“The Destructors” is set in London, England in the early 1950s. World War II has ended less than a decade earlier, and the city and country are slowly emerging from the destruction of the war. England is not emerging unscathed or unchanged, however. The country is scarred by the deaths of hundreds of thousands of its soldiers and the destruction incurred during the unprecedented German bombing campaign on British cities. England after the war is also witnessing drastic changes to its social and political orders as a result of the war.
Before the massive upheaval of the two World Wars, England’s social hierarchy was extremely rigid. The upper classes were held to be superior, and class was inherited, making it unusual for those lower on the social ladder to move up. At the time when the story is set, the chaos and destruction of the war have reduced the fortunes of many in the upper and upper middle class, while also allowing for greater mobility among those in the lower classes.

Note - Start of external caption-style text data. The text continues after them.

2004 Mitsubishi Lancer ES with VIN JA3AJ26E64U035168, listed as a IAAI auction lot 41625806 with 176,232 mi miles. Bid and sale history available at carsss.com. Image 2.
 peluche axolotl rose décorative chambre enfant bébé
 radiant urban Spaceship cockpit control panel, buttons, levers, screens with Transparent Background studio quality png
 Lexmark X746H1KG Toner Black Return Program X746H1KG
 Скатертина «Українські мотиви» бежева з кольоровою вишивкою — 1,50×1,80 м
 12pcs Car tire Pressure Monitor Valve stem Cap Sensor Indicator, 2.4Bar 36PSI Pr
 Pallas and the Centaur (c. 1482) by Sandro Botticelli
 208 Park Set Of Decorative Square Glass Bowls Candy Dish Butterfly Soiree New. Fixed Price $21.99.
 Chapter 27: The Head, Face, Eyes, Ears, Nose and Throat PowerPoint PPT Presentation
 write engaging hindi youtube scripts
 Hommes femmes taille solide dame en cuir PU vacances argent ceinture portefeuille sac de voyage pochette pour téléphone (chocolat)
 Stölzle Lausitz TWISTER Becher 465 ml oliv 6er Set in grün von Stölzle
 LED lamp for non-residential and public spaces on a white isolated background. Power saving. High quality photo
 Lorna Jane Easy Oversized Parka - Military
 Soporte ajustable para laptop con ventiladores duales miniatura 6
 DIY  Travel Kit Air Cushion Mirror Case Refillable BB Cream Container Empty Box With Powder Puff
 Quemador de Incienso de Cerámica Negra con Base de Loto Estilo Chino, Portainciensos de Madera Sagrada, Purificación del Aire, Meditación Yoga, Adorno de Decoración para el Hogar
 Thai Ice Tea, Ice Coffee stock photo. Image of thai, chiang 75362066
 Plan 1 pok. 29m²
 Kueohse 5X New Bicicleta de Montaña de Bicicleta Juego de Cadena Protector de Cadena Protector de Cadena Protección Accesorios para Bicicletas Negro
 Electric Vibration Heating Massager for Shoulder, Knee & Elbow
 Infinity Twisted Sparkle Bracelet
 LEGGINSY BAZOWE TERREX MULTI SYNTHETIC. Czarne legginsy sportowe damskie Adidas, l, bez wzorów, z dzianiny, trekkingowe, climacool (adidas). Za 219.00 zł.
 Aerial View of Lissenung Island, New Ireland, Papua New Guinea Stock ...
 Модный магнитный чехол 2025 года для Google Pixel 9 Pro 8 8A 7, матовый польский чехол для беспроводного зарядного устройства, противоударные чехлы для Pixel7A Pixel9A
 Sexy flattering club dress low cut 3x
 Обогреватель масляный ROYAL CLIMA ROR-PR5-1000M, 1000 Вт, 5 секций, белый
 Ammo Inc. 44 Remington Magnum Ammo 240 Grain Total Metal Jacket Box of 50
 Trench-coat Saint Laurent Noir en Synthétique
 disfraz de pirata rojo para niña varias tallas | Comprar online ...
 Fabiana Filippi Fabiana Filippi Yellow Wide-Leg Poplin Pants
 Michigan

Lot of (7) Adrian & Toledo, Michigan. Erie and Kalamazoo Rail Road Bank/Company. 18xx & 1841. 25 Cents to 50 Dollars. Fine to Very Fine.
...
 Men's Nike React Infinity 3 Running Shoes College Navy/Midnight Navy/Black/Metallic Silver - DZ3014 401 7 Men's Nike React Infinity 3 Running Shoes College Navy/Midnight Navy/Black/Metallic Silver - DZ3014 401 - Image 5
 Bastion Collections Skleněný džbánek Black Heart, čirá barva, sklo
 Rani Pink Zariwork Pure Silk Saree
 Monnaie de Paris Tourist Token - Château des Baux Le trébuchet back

The boys in the Wormsley Common Gang do not remember the class world that existed before the war, but they seek to fight against any return to outdated assumptions about the superiority of the upper classes and place their faith in the survival of the new, more meritocratic society then emerging. This stance on the old class order is reflected in the inner workings of the gang, and especially in the way the gang determines the hierarchy among its members. For instance, when the gang learns that the new recruit’s name is Trevor, they recognize this name as one that is only given either to members of the upper class or the ambitious upper middle class eager to be accepted among members of the true upper class. Because they have no respect for these class norms, the boys know that calling T. by his full name is a surefire way to undermine him.
Resentment towards the idea of upper class superiority also helps to motivate the boys in their destruction of Mr. Thomas’s house. T.’s father tells him that Mr. Thomas’s house was designed by Christopher Wren, an architect who lived from 1632 until 1723 and built palaces for the royal family as well as the landmark St. Paul’s Cathedral. This pedigree makes Mr. Thomas’s house a relic of the pre-war era, when class distinctions were of huge importance, and it makes the boys’ destruction of the house a symbolic strike against that old social order.
Yet the story is not simply a tale of how a rough new social order is sweeping away an older, more genteel one. Indeed, the story deliberately portrays that old order as obsolete and ridiculous, as deserving to be wiped away, despite some sadness that goes along with that destruction. At the end of the story, when the lorry driver, who is clearly a member of the lower class, cannot help but laugh at the destruction of Old Misery’s home, we see that glee at the destruction of the old class order is not only an adolescent emotion, but shared by adults as well.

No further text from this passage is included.